Generally speaking, if you directly say "depth", it refers to the maximum depth, that is, the distance from the farthest leaf.

1. Minimum depth of binary tree

Given a binary tree, find its minimum depth.

The minimum depth is the number of nodes along the shortest path from the root node down to the nearest leaf node.

// Definition for binary tree
 struct TreeNode {
     int val;
     TreeNode *left;
     TreeNode(int x) : val(x), left(NULL), right(NULL) {}
 };

 class Solution {
 public:
     int minDepth(TreeNode *root) {
     }
 };

Because the depth is the distance from the leaf node, when using depth traversal, you cannot simply compare the recursive results of the left and right subtrees to return a smaller value, because for a node with a single empty child, the empty child will return 0, but This node is not a leaf node, so the returned result is wrong.

Therefore, when a single child of the currently processed node is found to be empty, a maximum value of INT_MAX is returned to prevent it from interfering with the result.

 class Solution {
 public:
     int minDepth(TreeNode *root) {
         if(!root) return 0;
         if(!root -> left && !root -> right) return 1;   //Leaf means should return depth.
         int leftDepth = 1 + minDepth(root -> left);
         leftDepth = (leftDepth == 1 ? INT_MAX : leftDepth);
         int rightDepth = 1 + minDepth(root -> right);
         rightDepth = (rightDepth == 1 ? INT_MAX : rightDepth);  //If only one child returns 1, means this is not leaf, it does not return depth.
        return min(leftDepth, rightDepth);
    }
};

Of course, this problem can also be done with hierarchical traversal.

class Solution {
struct LevNode{
    TreeNode* Node;
    int Lev;
};
public:
    int minDepth(TreeNode *root) {
        if(NULL == root) return 0;
        queue<LevNode> q;
        LevNode lnode;
        lnode.Node = root;
        lnode.Lev = 1;
        q.push(lnode);
        while(!q.empty()){
            LevNode curNode = q.front();
            q.pop();
            if(NULL == (curNode.Node) -> left && NULL == (curNode.Node) -> right)
                return (curNode.Lev);
            if(NULL != (curNode.Node) -> left){
                LevNode newNode;
                newNode.Node = (curNode.Node) -> left;
                newNode.Lev = (curNode.Lev + 1);
                q.push(newNode);
            }
            if(NULL != (curNode.Node) -> right){
                LevNode newNode;
                newNode.Node = (curNode.Node) -> right;
                newNode.Lev = (curNode.Lev + 1);
                q.push(newNode);
            }
        }
        return 0;
    }
};

For this question, both LeetCode solutions take 48ms 

2. Maximum depth of a binary tree

Given a binary tree, find its maximum depth.

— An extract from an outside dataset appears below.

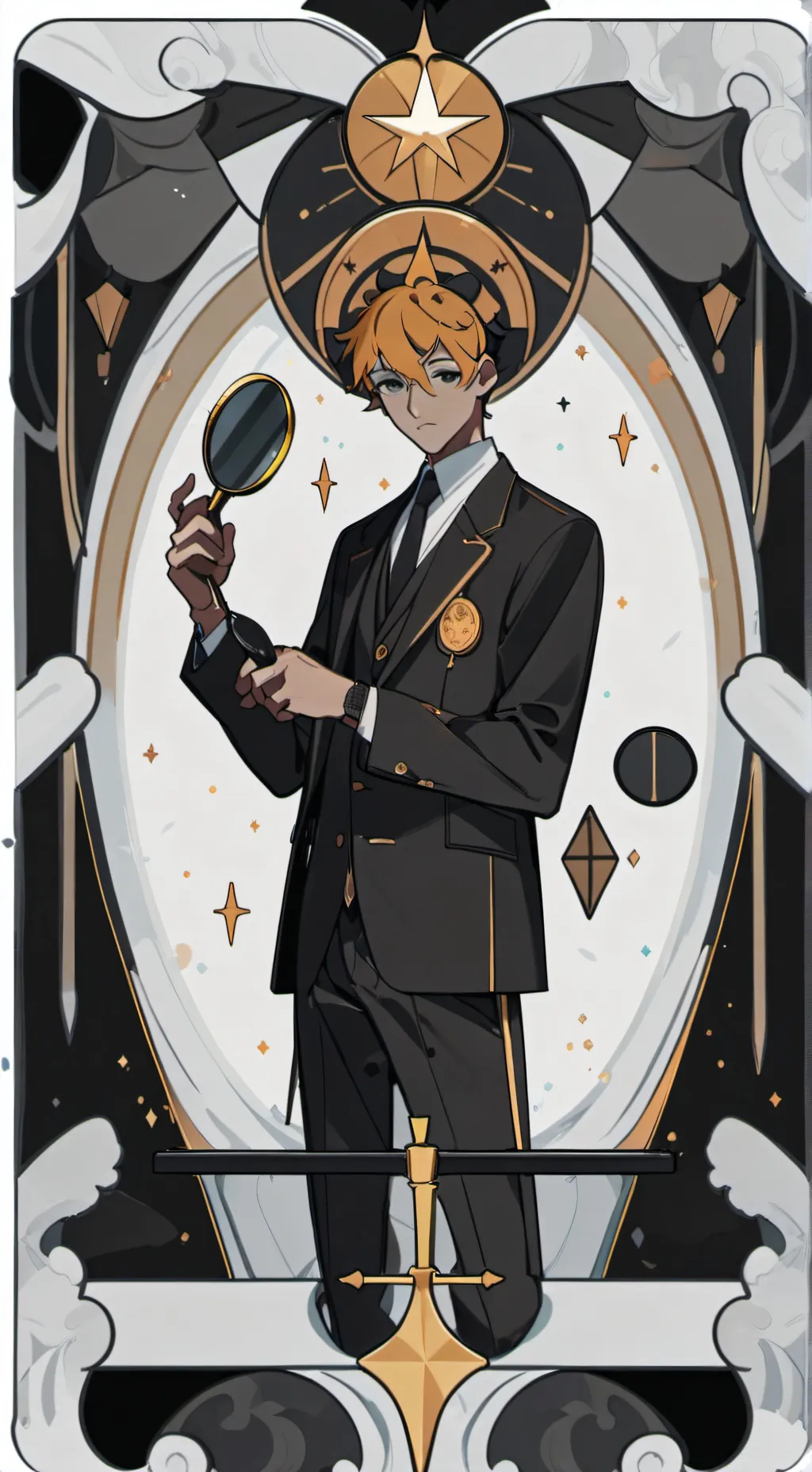 ai character: Rodger OK?!😭 background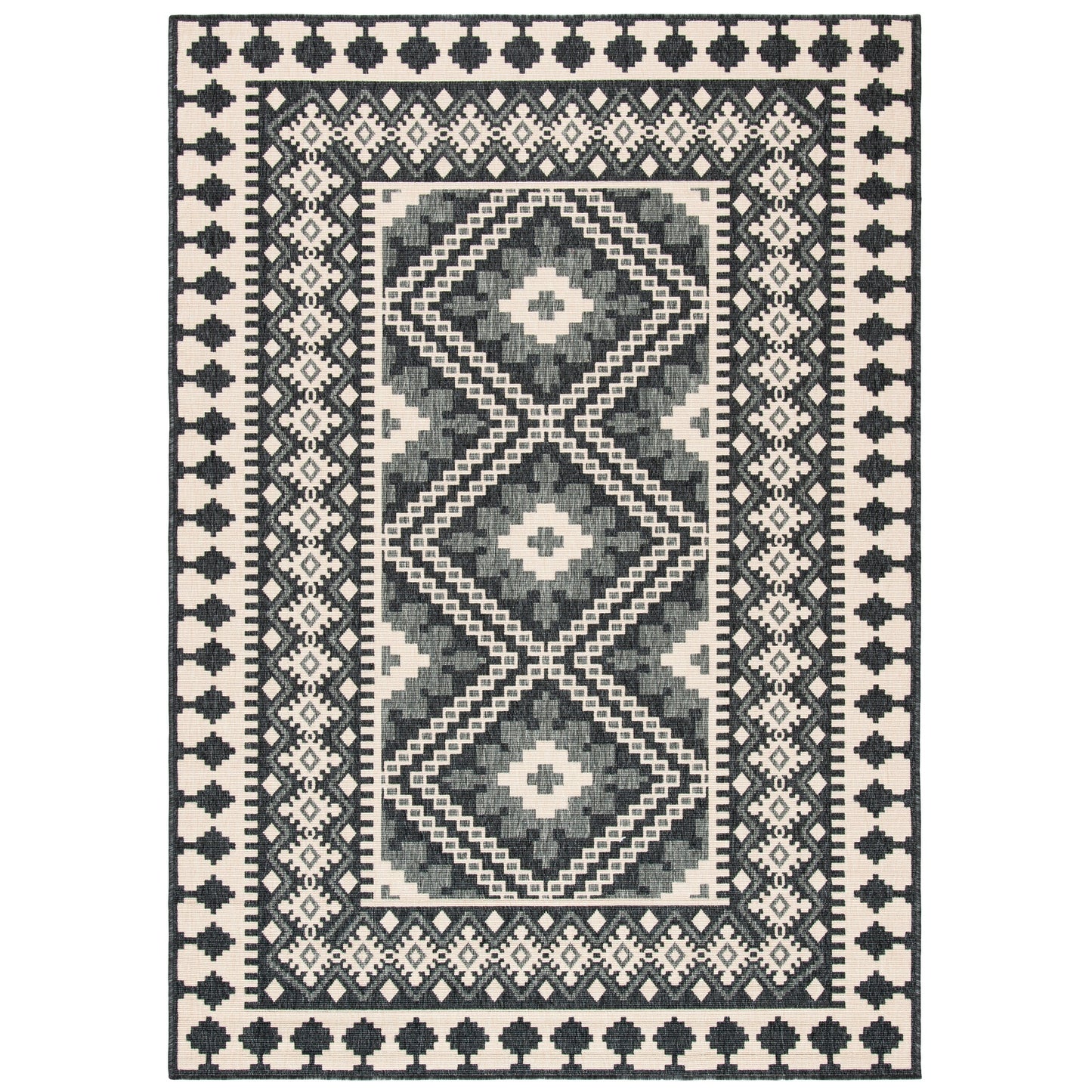 SAFAVIEH Veranda Rita Indoor/ Outdoor Waterproof Patio Backyard Rug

The maximum depth is the number of nodes along the longest path from the root node down to the farthest leaf node.

The maximum depth is also the length to the leaf node, but because it is the maximum depth, a non-leaf node with a single empty child will not interfere with the result, so it can be done in the most concise way.

/**
 * Definition for binary tree
 * struct TreeNode {
 *     int val;
 *     TreeNode *left;
 *     TreeNode *right;
 *     TreeNode(int x) : val(x), left(NULL), right(NULL) {}
 * };
 */
class Solution {
public:
    int maxDepth(TreeNode *root) {
        if(!root) return 0;
        int leftDepth = maxDepth(root -> left) + 1;
        int rightDepth = maxDepth(root -> right) + 1;
        return max(leftDepth, rightDepth);
    }
};